No evangelho de Lucas (Lc 23, 35-43), lemos um trecho da narrativa dos eventos relativos à paixão de Jesus, quando Ele dialoga com os ladrões crucificados ao Seu lado. Enquanto um deles intimida-o, desafiando-o a salvar-se e a salvar também os outros dois condenados, o outro repreende o comparsa e confessa seu arrependimento, pedindo que Jesus o acolha no Seu reino. Esse diálogo é bem conhecido, porque é repassado na liturgia da Semana Santa e foi sempre muito reproduzido também na catequese tradicional.
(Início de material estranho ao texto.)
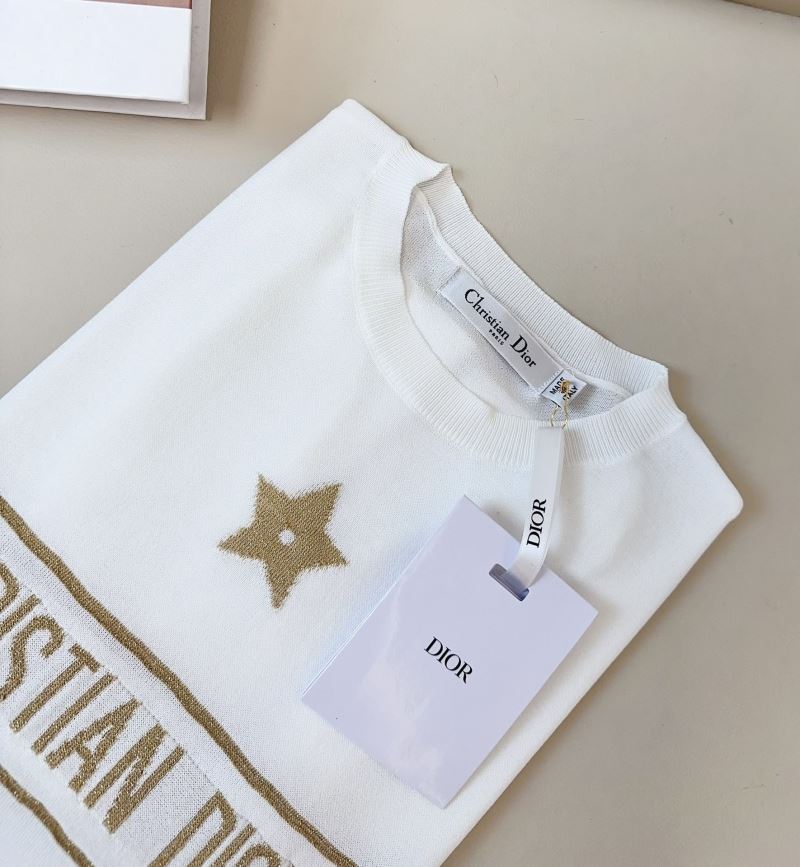 Christian Dior T-Shirts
Uma curiosidade, que me vem à mente sempre que leio esse texto é de imaginar como esse diálogo tornou-se conhecido, se é que, de fato, existiu. Sabemos que, na hora da crucificação de Jesus, os apóstolos haviam debandado e, diante da cruz, estavam apenas João, Maria e algumas mulheres, que olhavam à distância. Pois bem, João, que estava presente, não relata esse diálogo nos seus textos. Os outros dois evangelistas, Marcos e Mateus, apenas se referem aos malfeitores crucificados com ele, sem mencionarem o diálogo, que só aparece no texto de Lucas. De que modo Lucas teria obtido tal informação? Ora, sabe-se que Lucas, sendo médico, cuidou de Maria por muito tempo e ouviu dela relatos intimistas referentes à vida dela própria e de Jesus, que os outros escritores não tomaram conhecimento. Por essa linha de raciocínio, podemos supor como probabilidade que tal diálogo tenha sido escutado e memorizado por Maria, mãe de Jesus, que posteriormente o segredou a Lucas. Não me parece crível que algum dos soldados, que participaram da execução, tenha se preocupado de prestar atenção ao que os condenados falavam. E se João tivesse prestado atenção nesses detalhes, certamente também os teria relatado. Mas muito provavelmente o olhar e o ouvido da Mãe captaram coisas que passaram despercebidas a todas as outras pessoas. É impressionante essa capacidade que as mães têm para perceber mensagens até subliminares no comportamento dos filhos.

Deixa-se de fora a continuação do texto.